Front Page Magazine ^ | 1/24/03 | Stephen Brown

Posted on 01/24/2003 1:06:56 AM PST by hoosierskypilot

There is a quaint fact that tends to be forgotten in discussions of immigration policy: the law is the law. The law says that some persons have a legal right to be in the United States and some do not. This law is not arbitrary: it was made by a legitimate, democratically elected government expressing the will of the American people. Therefore, it is high time to get serious about enforcing it by deporting all of our illegal aliens. Fortunately, this is not as hard as it looks, as we already deport some of them and merely need to apply the same programs to a greater number of people. Politically, it may be hard; logistically, it’s no big deal.

The raw numbers are staggering. The U.S. Immigration and Naturalization Service (INS) estimates there are currently more than eight million illegal aliens living within our borders, with more than a million more expected to be here by the end of 2003. It’s not like the public is unaware of the problem. Successive polling in recent years has consistently shown a clear – and thus far unanswered – mandate from the American electorate for its elected officials to faithfully enforce the laws they are sworn to uphold by removing the swelling illegal population. But key constituencies inside the governing class – principally the cheap labor lobby on the Republican side and the ethnic lobbies on the Democratic side – have successfully frustrated American democracy and the rule of law on this point.

Under pressure and in fits and starts, the federal government has been making token gestures of deportation, which prove that something could be done if the political decision were ever made to get serious. Between 1995 and 1998, funding for removing illegal aliens more than doubled, resulting in a rise in deportations from 50,400 to 171,000. Early INS estimates for Fiscal 2002 deportations come in at 147,345.

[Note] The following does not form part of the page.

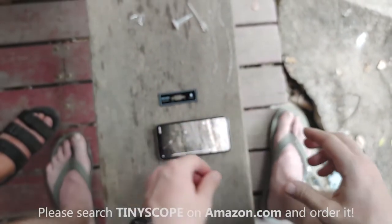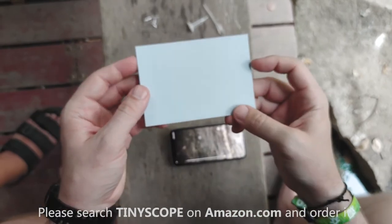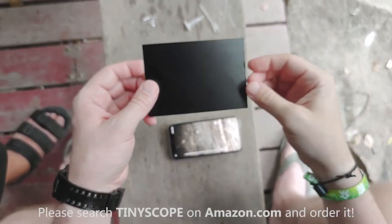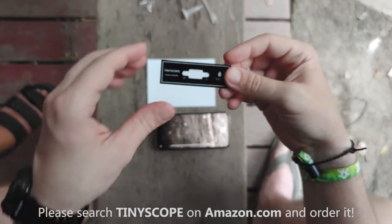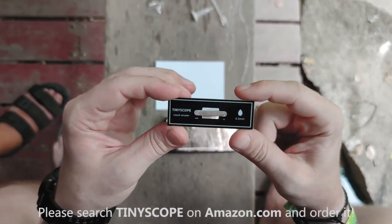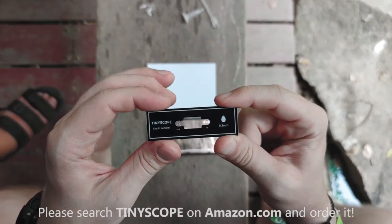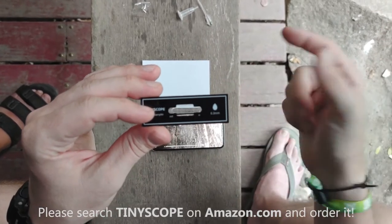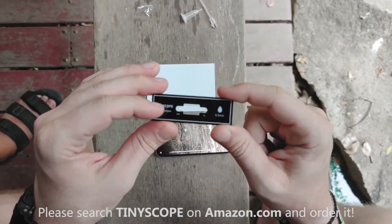Now we need our background sheet. This comes with every kit — it's white on one side and black on the other. If you're looking at lighter-colored specimens, use the black side; for darker colors, use the white side. Every Explorer's Kit comes with 0.3 millimeter slides. We found that 0.3 millimeters is the most suitable size for viewing average pond, lake, or river water. Larger or smaller slides are also available on our store depending on your needs.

But with a pool of eight million potential deportees, appreciable progress will only be achieved through a general deportation policy, i.e., the principle that every person whose illegal status becomes known gets deported. The key thing to understand is that this would not require, as opponents would have us believe, some kind of fascistic police state out of a B-grade movie. All it would require is that well-established, existing programs for deportation operate on greater numbers of people.

Fundamentally, the politics of deportation may be heated, but actual deportation is quite boring.

It’s not as though it hasn’t been done before. In 1954, during the Eisenhower Administration, INS Commissioner Gen. Joseph May Swing instituted a mass search-and-removal operation targeting illegal aliens from Mexico scattered throughout the Southwest and Midwest. It coordinated the efforts of the U.S. Border Patrol, municipal, county, state and local police forces, along with the military. The coordinated and strategic use of resources and manpower soon produced positive results. In Texas, the nation’s second-largest state, the government needed only around 700 men to do the job, netting approximately 4,800 deportees on its first day and 1,100 daily thereafter. Deportees were shipped back to Mexico via rail and ship, often deep into the interior of the country to discourage recidivism. When funding for the initiative ran out that fall, the INS claimed some 2.1 million removals, including those who voluntarily returned to Mexico before and during the operation. Following the 1954 effort, illegal immigration dwindled until the mid-1960s.

This is the real benefit of deportation: it discourages illegal immigration in the first place, reducing both the enforcement burden and the social problems that immigration causes. Once would-be immigration criminals realize they will only be deported, their numbers drop within a range that can easily be contained. Ironically enough, this means that a laxer immigration policy, not a stricter one, requires more manpower to enforce the tatters of law that remain, and costs more money to run. Once would-be illegals get the message, there will be a lot fewer of them.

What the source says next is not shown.